Leave every picture out, and write out the remaining entries exactly.

(Dataset excerpts)
□ □ □ □ □ □ □
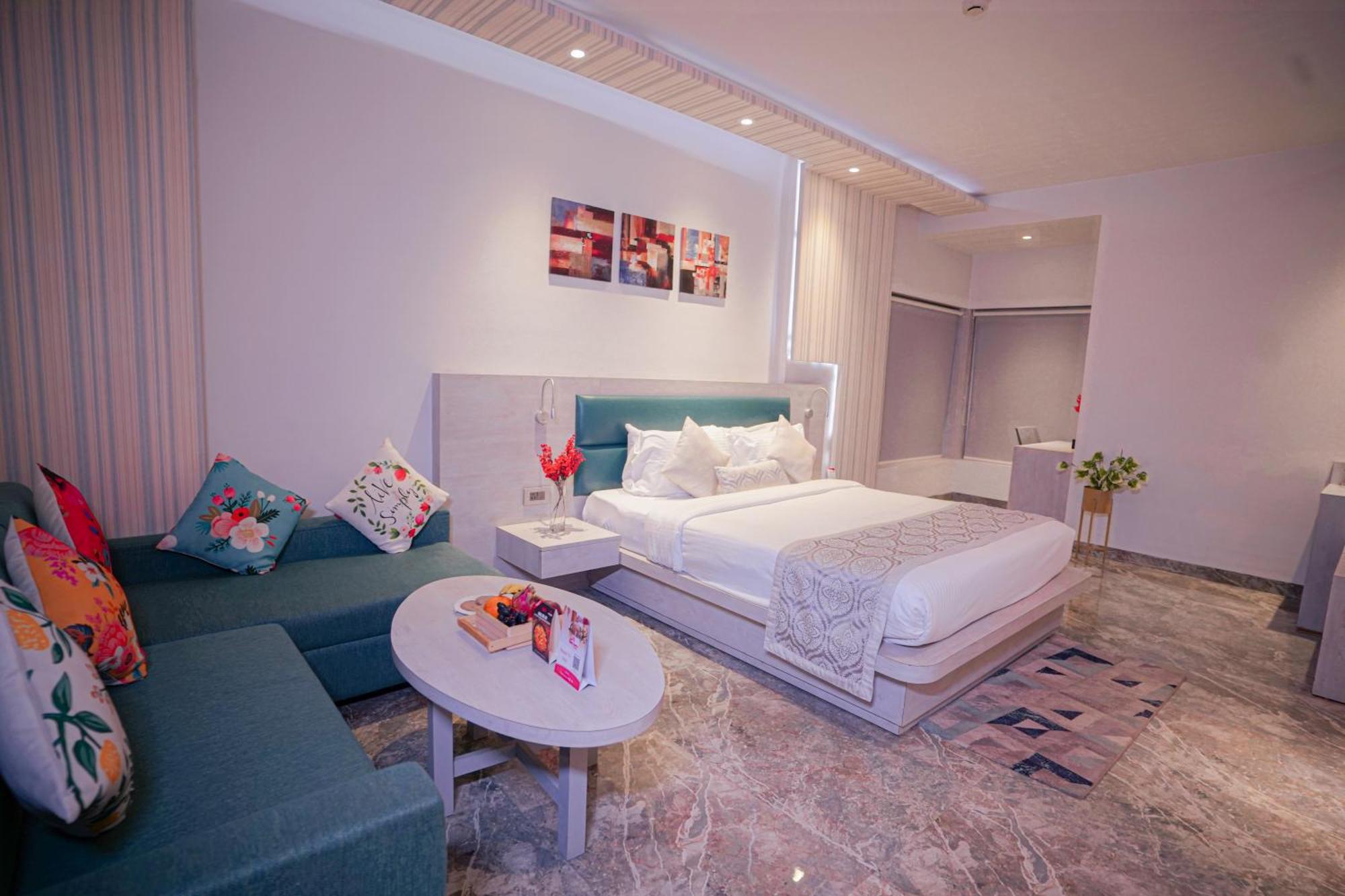 Hotel Swarn Towers Барейли Екстериор снимка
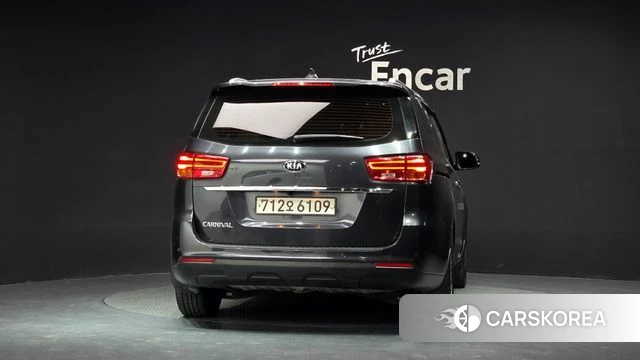 Kia The New Carnival id 4873104 из Кореи 14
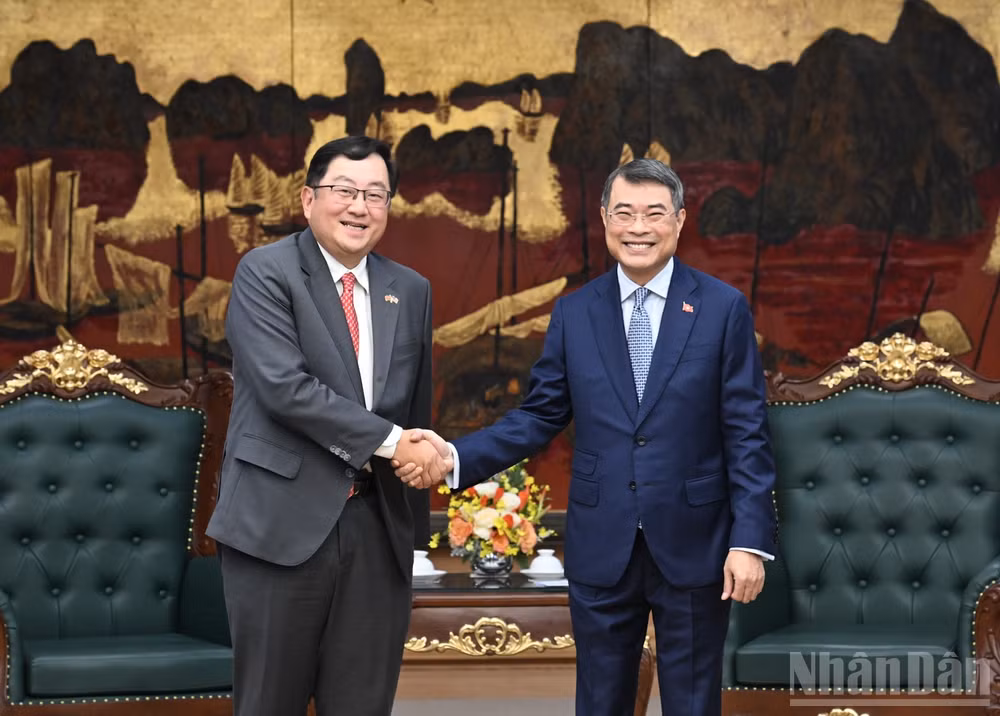 Thủ tướng Chính phủ Lê Minh Hưng và Đại sứ Malaysia tại Việt Nam Tan Yang Thai. (Ảnh: Trần Hải)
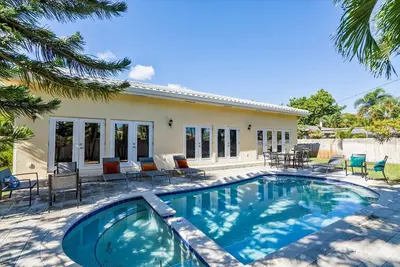 Image de Beautiful House with Pool & Jacuzzi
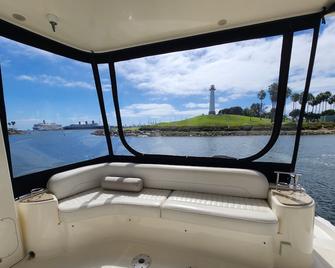 Dockside Boat & Bed Long Beach - Long Beach - Bedroom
□ □ □ □ □ □ □
Completed exercise:
 Hotel Swarn Towers Барейли Екстериор снимка
 Kia The New Carnival id 4873104 из Кореи 14
 Thủ tướng Chính phủ Lê Minh Hưng và Đại sứ Malaysia tại Việt Nam Tan Yang Thai. (Ảnh: Trần Hải)
 Image de Beautiful House with Pool & Jacuzzi
 Dockside Boat & Bed Long Beach - Long Beach - Bedroom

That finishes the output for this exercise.